O jejum, pois, deve ser a privação voluntária de um bem lícito, com a finalidade de fortalecer a vontade, que é uma das três potências da alma (as outras são a inteligência e a memória), e orientá-la para bens maiores, sobrenaturais.
A finalidade do jejum é submeter o corpo ao espírito, e o espírito, a Deus, restabelecendo a ordem rompida pelo pecado.
Por isso, não se trata da privação de algo ilícito: abster-se do pecado é obrigação, não é prática ascética, não é um “plus”.

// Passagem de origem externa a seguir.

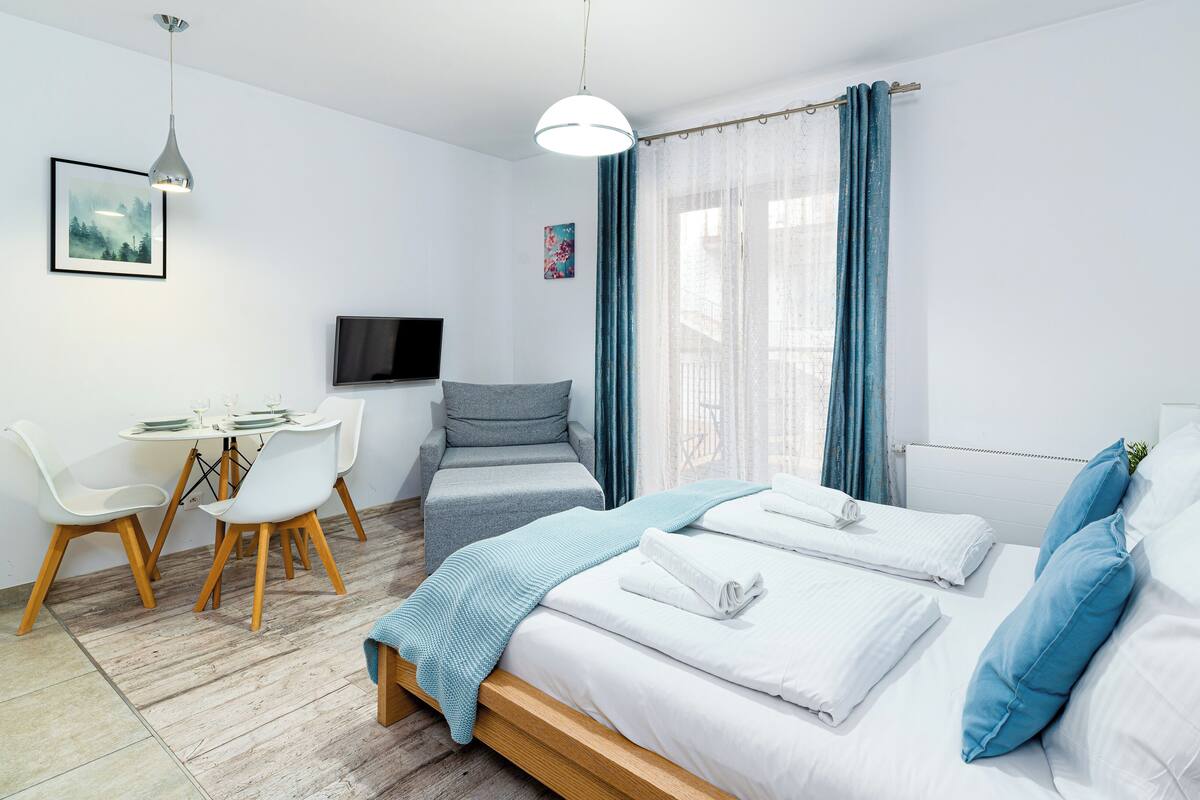 Un dormitorio moderno con cama, mesitas de noche, un escritorio con sillas, televisor y ventana con cortinas.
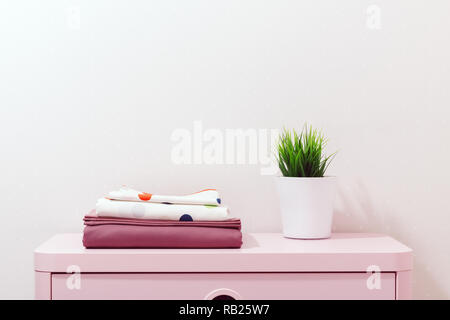 On a pink dresser there is a stack of bed linen and a home plant stands. Stock Photo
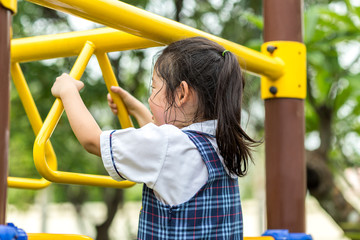 Fototapeta premium Child Hanging Bar at Playground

Quando o evangelho nos conta que Jesus jejuou quarenta dias e quarenta noites, terá sido mero jejum de maledicência? Ele que nunca pecou? Ele que estava sozinho no deserto? Maldizer quem para quem?
Mais: quando Jesus é questionado sobre a razão de os seus discípulos não jejuarem, enquanto os de João Batista e os fariseus jejuavam, tal jejum restringia-se a refrear a língua? Não me parece.
Mais ainda: quando Cristo diz que certos demônios só são expulsos pelo jejum e pela oração, tal jejum será apenas o jejum de maledicência? Será ele suficiente para expulsar os espíritos imundos? Não creio. Perguntem aos exorcistas se funciona. O jejum da quaresma existe para expulsar os nossos demônios que não conseguimos expulsar sozinhos.
Não deve ser novidade para ninguém que a teologia da libertação nega a importância de todos os meios ascéticos, reduzindo a ascese à mera luta de classes, à mera defesa dos supostos interesses temporais dos pobres. Para tal teologia, que esvazia todo o sentido espiritual do cristianismo, realmente não faz sentido o jejum como obra espiritual. Mas sabemos que tal corrente teológica é errada, e que na verdade nem sequer é teológica. É materialismo, é marxismo, disfarçado de religião.
Não há dúvida de que um dos males do nosso tempo é justamente a falta de ascese, a falta de mortificação. É conhecida a máxima: "a temperança gera a riqueza, mas a riqueza gera a intemperança". As prestidigitações da ciência, como diria Corção, evitam-nos os mínimos esforços, como levantarmo-nos da cadeira para mudar o canal da televisão. Isso pode ser confortável para o corpo, mas é um perigo para a alma, que deve estar cada vez mais e mais vigilante, recusando-se o excesso de conforto, pois o nosso corpo, como dizem os santos, é um inimigo que deve ser tratado com caridade, mas é um inimigo traiçoeiro. A natureza humana segue sendo a mesma. Os santos do passado praticaram a vida ascética. E os santos do presente também têm de vivê-la. Não há santidade sem penitência, sem mortificação, sem vida ascética. Não podemos soltar as rédeas do nosso corpo, deixando-o como um animal desgovernado.
Como acertadamente vi uma pessoa dizer outro dia: a finalidade do jejum é fortalecer a vontade para evitar o pecado; é justamente tornar mais fácil evitar a maledicência e outros pecados e vícios. O jejum vem fortalecer o nosso homem interior para vencer o nosso homem exterior.